> What is being asked
Return every line below as is, leaving out the pictures.

Collection entries:
·····
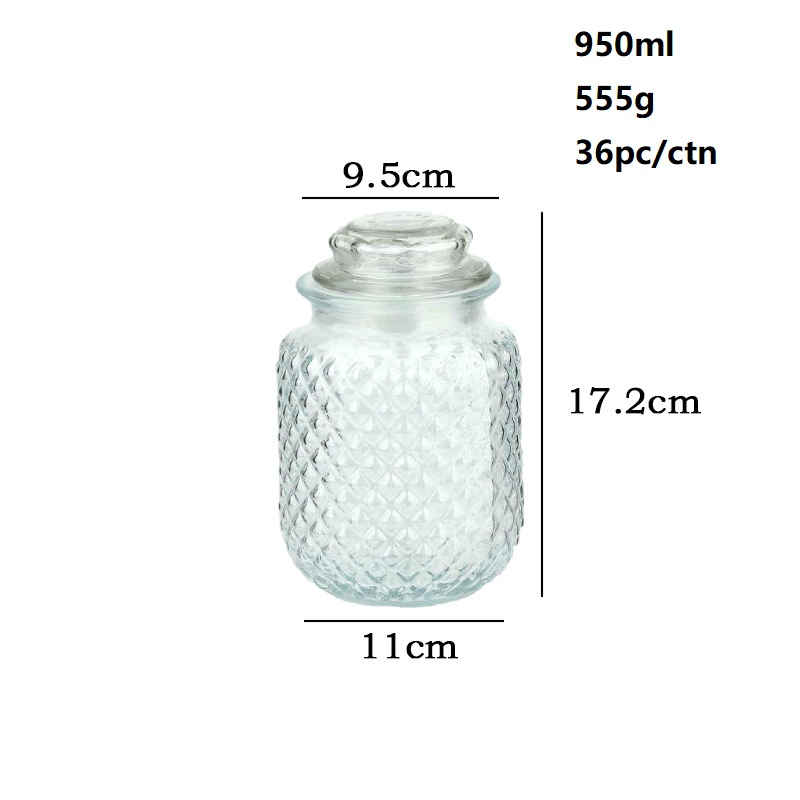 650ml 950ml 1200ml Vertical Striped Customized Kitchen Ceramic Cover Container Airtight Sealed Glass Storage Jars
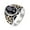 Gold and Silver, variant on Men's Stainless Steel Vintage Personality Oval Black Agate Gemstone Ring Princess Cut Crystal Charm Wedding Bands Gold Size 12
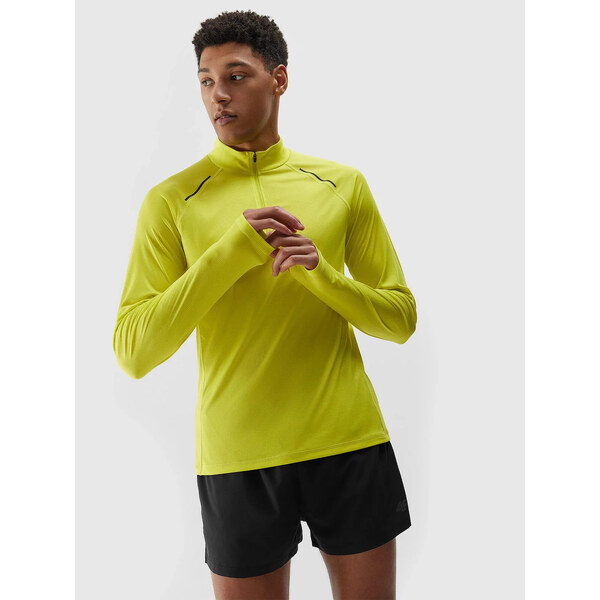 Pánské běžecké rychleschnoucí tričko s dlouhými rukávy 4F - zelené 51489445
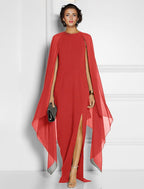 Chiffon Wedding Guest Dresses With Side Slit Sheath Column Style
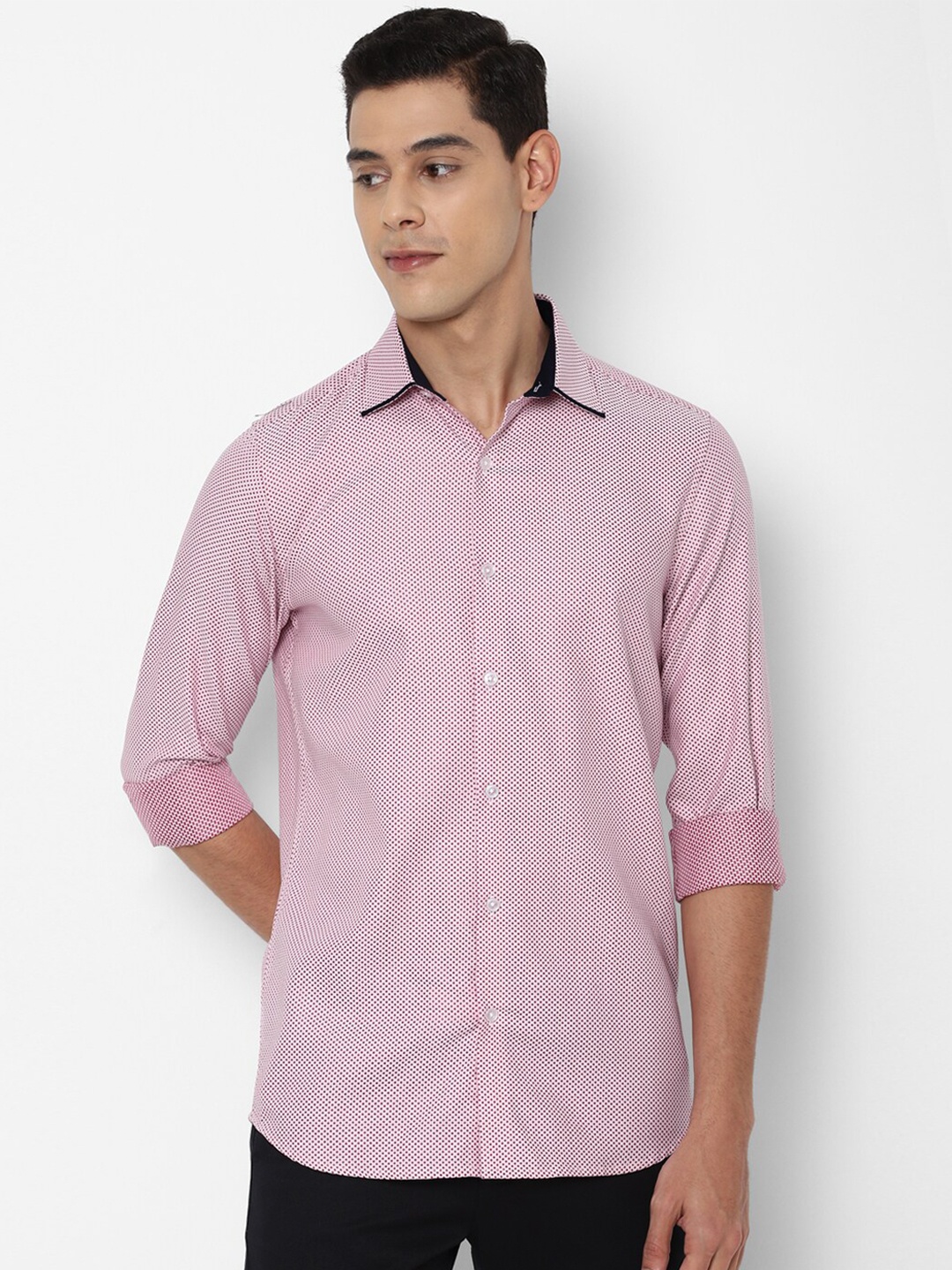 

Allen Solly Men Pink Slim Fit Micro Checks Checked Casual Shirt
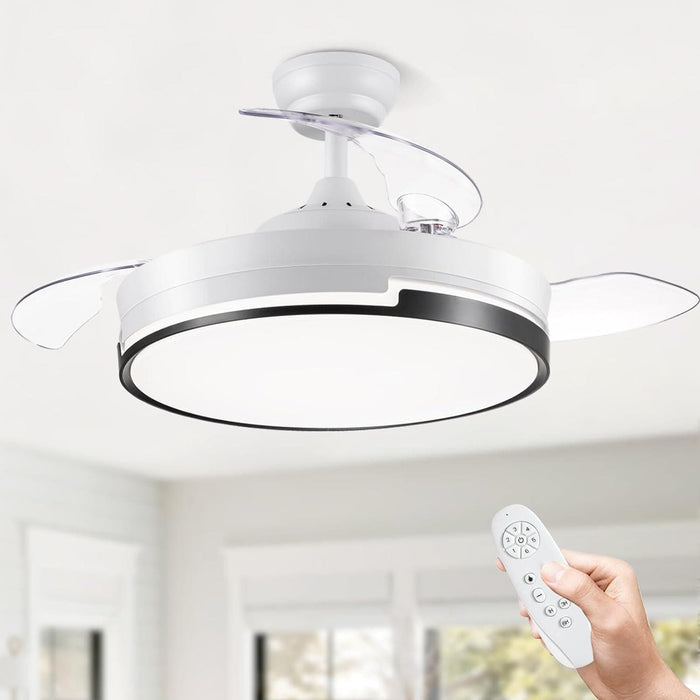 42 in. White Retractable Ceiling Fan with Light for Indoor Bedroom, Modern Dimmable Reversible Quiet Ceiling Fans-10-ErisView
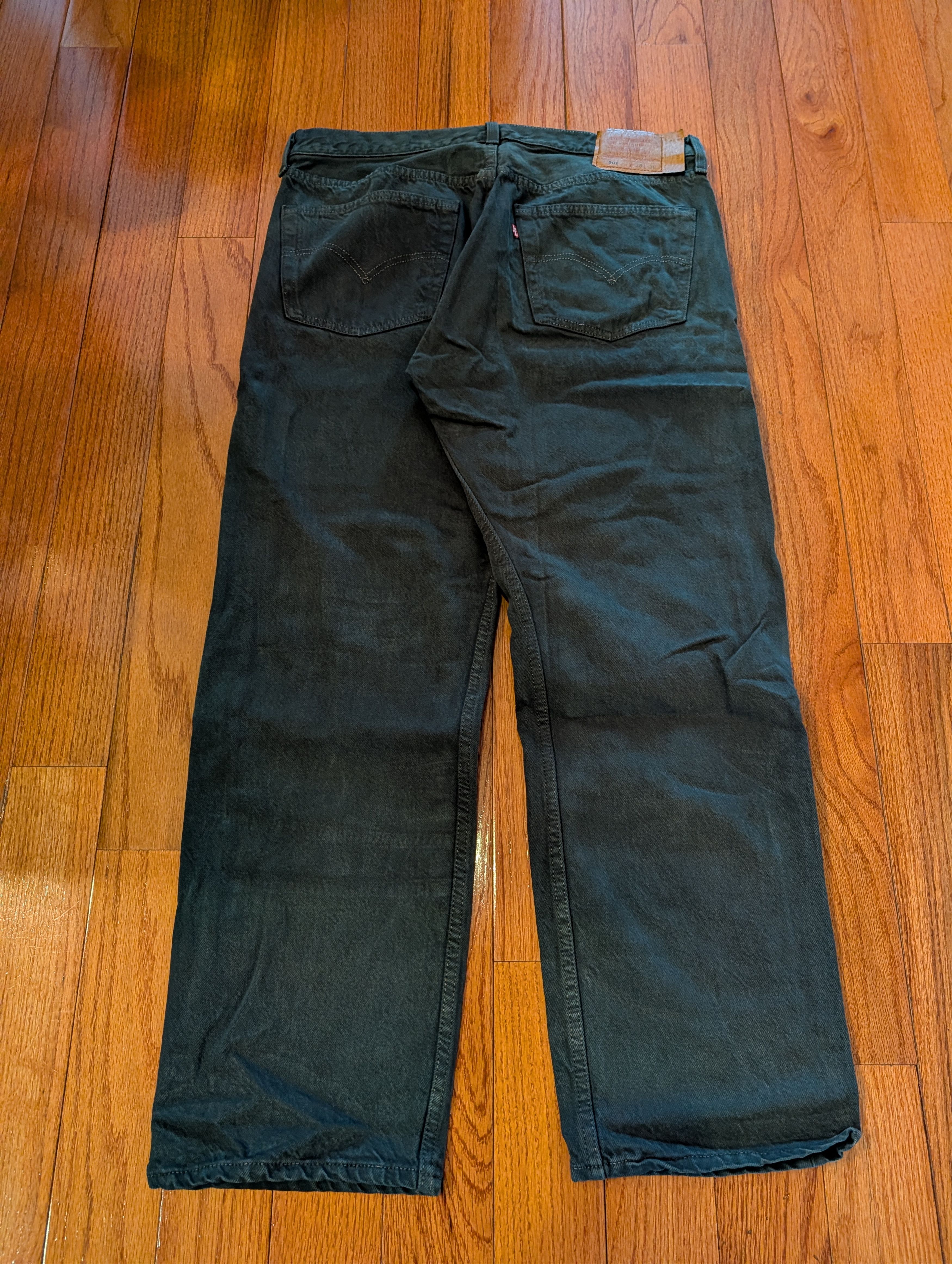 Levi's Vintage Levi’s 501 Button Green Jeans Made USA Men’s 38x30 Size US 38 / EU 54 - 1 Thumbnail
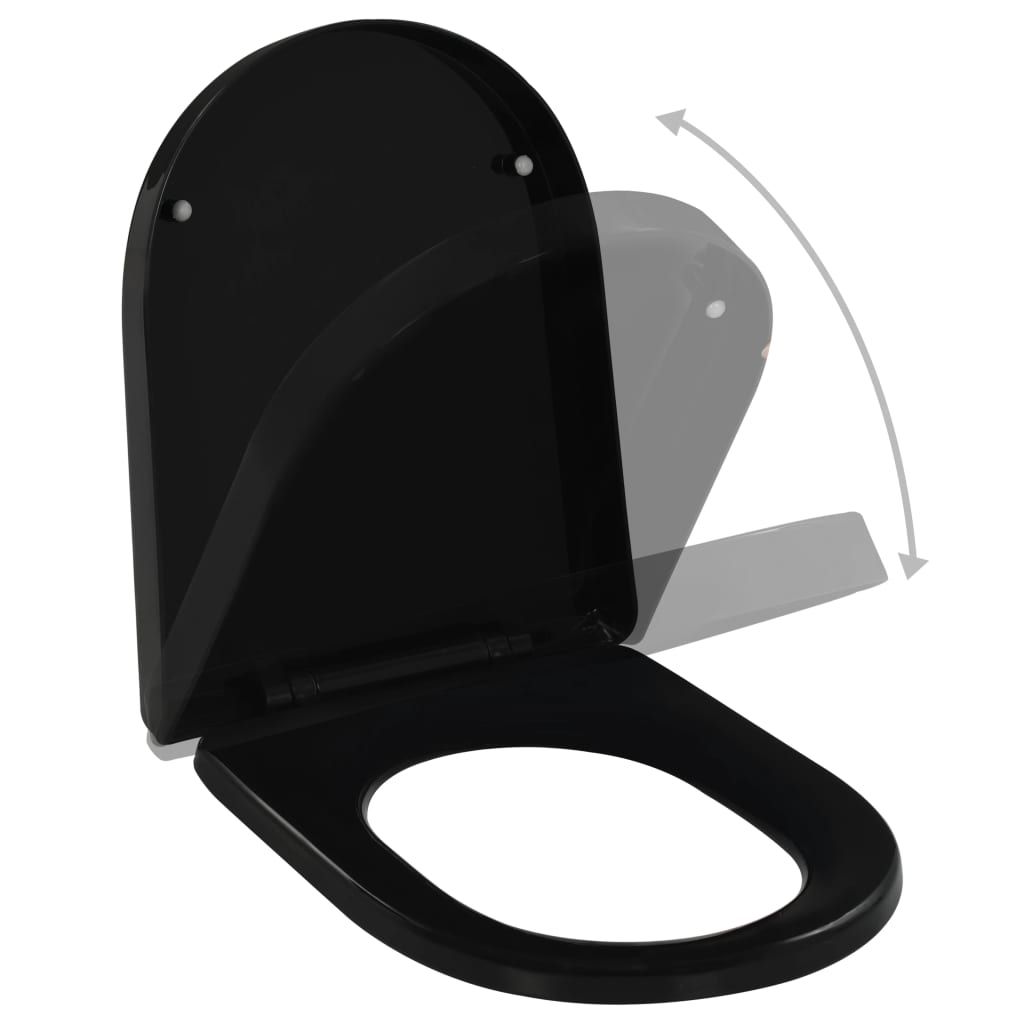 Vidaxl toilet seat soft-close with Quick-release design black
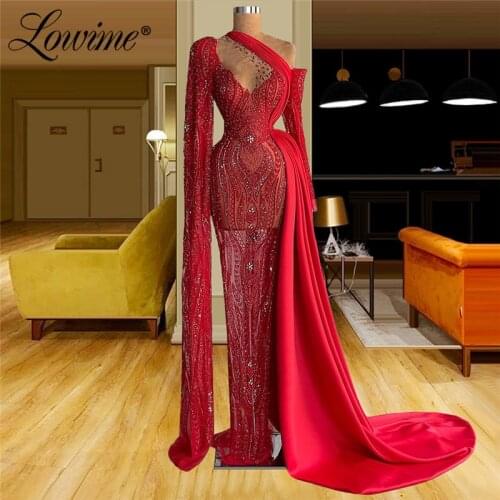 Lowime Red Handade Beaded Luxury Muslim Evening Dresses Abendkleider 2021 Mermaid Long Sleeve Party Gown Arabic Dubai Prom Dress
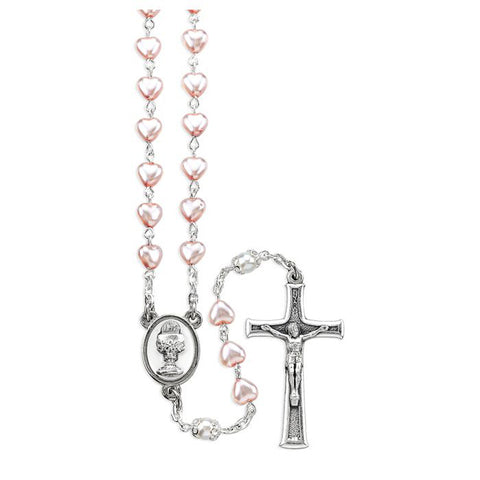 Pink Pearl Heart Rosary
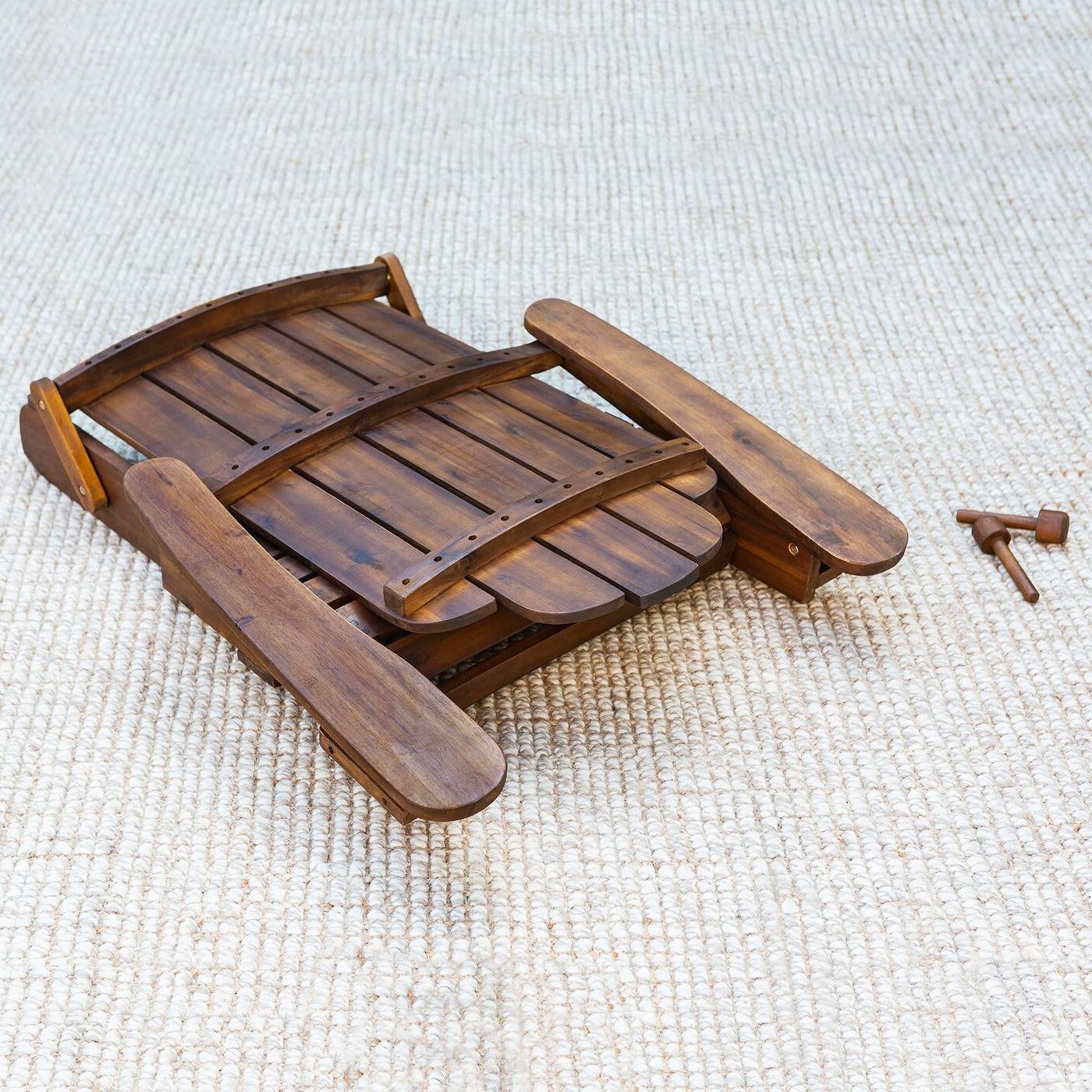 Ultimate Patio Folding Acacia Patio Adirondack Chair - Dark Brown - Folded View thumbnail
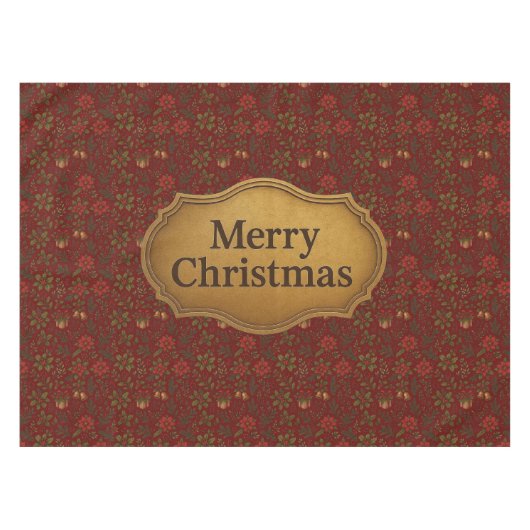 Vintage, Victorian Christmas patterned Tischdecke (Vorderseite (Horizontal))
·····
> Solution to this task
 650ml 950ml 1200ml Vertical Striped Customized Kitchen Ceramic Cover Container Airtight Sealed Glass Storage Jars
 Gold and Silver, variant on Men's Stainless Steel Vintage Personality Oval Black Agate Gemstone Ring Princess Cut Crystal Charm Wedding Bands Gold Size 12
 Pánské běžecké rychleschnoucí tričko s dlouhými rukávy 4F - zelené 51489445
 Chiffon Wedding Guest Dresses With Side Slit Sheath Column Style

Allen Solly Men Pink Slim Fit Micro Checks Checked Casual Shirt
 42 in. White Retractable Ceiling Fan with Light for Indoor Bedroom, Modern Dimmable Reversible Quiet Ceiling Fans-10-ErisView
 Levi's Vintage Levi’s 501 Button Green Jeans Made USA Men’s 38x30 Size US 38 / EU 54 - 1 Thumbnail
 Vidaxl toilet seat soft-close with Quick-release design black
 Lowime Red Handade Beaded Luxury Muslim Evening Dresses Abendkleider 2021 Mermaid Long Sleeve Party Gown Arabic Dubai Prom Dress
 Pink Pearl Heart Rosary
 Ultimate Patio Folding Acacia Patio Adirondack Chair - Dark Brown - Folded View thumbnail
 Vintage, Victorian Christmas patterned Tischdecke (Vorderseite (Horizontal))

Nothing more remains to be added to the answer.